"Social friends, / Attuned to happy unison of soul; / To whose exalting eye a fairer world, / Of which the vulgar never had a glimpse, / Displays its charms; whose minds are richly fraught / With philosophic stores, superior light; / And in whose breast, enthusiastic, burns / Virtue, the sons of interest deem romance; / Now call'd abroad enjoy the falling day."
— Thomson, James (1700-1748)
Shoots nothing now but animating warmth
And vital lustre; that with various ray
Lights up the clouds, those beauteous robes of Heaven,
Incessant roll'd into romantic shapes,
The dream of waking fancy! broad below,
Cover'd with ripening fruits, and swelling fast
Into the perfect year, the pregnant earth
And all her tribes rejoice. Now the soft hour
Of walking comes: for him who lonely loves
To seek the distant hills, and there converse
With Nature; there to harmonize his heart,
And in pathetic song to breathe around
The harmony to others. Social friends,
Attuned to happy unison of soul;
To whose exalting eye a fairer world,
Of which the vulgar never had a glimpse,
Displays its charms; whose minds are richly fraught
With philosophic stores, superior light;
And in whose breast, enthusiastic, burns
Virtue, the sons of interest deem romance;
Now call'd abroad enjoy the falling day:
Now to the verdant Portico of woods,
To Nature's vast Lyceum forth they walk;
By that kind School where no proud master reigns,
The full free converse of the friendly heart,
Improving and improved. Now from the world,
Sacred to sweet retirement, lovers steal,
And pour their souls in transport, which the Sire
Of love approving hears, and calls it good.
Which way, Amanda, shall we bend our course?
The choice perplexes. Wherefore should we choose?
All is the same with thee. Say, shall we wind
Along the streams? or walk the smiling mead?
Or court the forest glades? or wander wild
Among the waving harvests? or ascend,
While radiant Summer opens all its pride,
Thy hill, delightful Shene? Here let us sweep
The boundless landscape: now the raptured eye,
Exulting swift, to huge Augusta send,
Now to the Sister-Hills that skirt her plain,
To lofty Harrow now, and now to where
Majestic Windsor lifts his princely brow.

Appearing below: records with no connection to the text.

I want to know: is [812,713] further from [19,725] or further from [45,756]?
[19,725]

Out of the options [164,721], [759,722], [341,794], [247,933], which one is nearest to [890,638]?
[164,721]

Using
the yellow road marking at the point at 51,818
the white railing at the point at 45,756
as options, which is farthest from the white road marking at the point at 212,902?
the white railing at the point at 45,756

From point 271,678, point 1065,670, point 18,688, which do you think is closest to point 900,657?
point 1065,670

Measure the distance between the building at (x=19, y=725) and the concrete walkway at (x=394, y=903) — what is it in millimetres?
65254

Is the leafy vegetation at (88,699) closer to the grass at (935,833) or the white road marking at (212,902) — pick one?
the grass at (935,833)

In lovely constrast to this glorious view
Calmly magnificent, then will we turn
To where the silver Thames first rural grows.

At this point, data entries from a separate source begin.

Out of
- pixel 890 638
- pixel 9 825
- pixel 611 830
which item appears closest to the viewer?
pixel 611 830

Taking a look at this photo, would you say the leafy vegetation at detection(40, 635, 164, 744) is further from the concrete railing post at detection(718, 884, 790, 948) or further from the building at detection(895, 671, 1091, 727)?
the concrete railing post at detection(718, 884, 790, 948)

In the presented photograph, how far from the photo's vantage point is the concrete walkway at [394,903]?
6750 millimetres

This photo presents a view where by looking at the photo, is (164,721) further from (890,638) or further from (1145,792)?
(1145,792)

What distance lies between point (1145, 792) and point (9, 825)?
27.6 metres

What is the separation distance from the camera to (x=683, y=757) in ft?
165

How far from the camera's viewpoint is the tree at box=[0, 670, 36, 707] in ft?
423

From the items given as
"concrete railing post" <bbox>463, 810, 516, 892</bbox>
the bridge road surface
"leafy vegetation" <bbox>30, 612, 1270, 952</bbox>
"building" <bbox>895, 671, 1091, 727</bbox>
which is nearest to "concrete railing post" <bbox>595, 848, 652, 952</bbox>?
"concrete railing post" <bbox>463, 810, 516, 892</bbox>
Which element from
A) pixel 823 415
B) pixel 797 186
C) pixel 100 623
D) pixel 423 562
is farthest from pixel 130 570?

There let the feasted eye unwearied stray:
Luxurious, there, rove through the pendent woods
That nodding hang o'er Harrington's retreat;
And, stooping thence to Ham's embowering walks,
Beneath whose shades, in spotless peace retired,
With Her the pleasing partner of his heart,
The worthy Queensberry yet laments his Gay,
And polish'd Cornbury woos the willing Muse,
Slow let us trace the matchless vale of Thames;
Fair winding up to where the Muses haunt
In Twit'nam's bowers, and for their Pope implore
The healing God; to royal Hampton's pile,
To Clermont's terraced height, and Esher's groves,
Where in the sweetest solitude, embraced
By the soft windings of the silent Mole,
From courts and senates Pelham finds repose. [...]

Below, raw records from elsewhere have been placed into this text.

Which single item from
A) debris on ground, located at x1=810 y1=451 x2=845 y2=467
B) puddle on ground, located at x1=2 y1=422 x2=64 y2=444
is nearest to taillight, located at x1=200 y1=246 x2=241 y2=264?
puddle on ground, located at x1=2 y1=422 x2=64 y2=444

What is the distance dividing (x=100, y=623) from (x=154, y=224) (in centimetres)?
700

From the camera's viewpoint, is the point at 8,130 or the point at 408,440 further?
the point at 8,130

(pp. 74-6 in Sambrook edition, pp. 108-110 in original)
Summer was first published in 1727. Text much revised and expanded between 1727 and 1746. Searching metaphors in The Poetical Works (1830) through Stanford HDIS interface, later checked against earlier editions. Also reading James Sambrook's edition of The Seasons and The Castle of Indolence (Oxford: Clarendon Press, 1972), which reproduces the 1746 edition of Thomson's poem.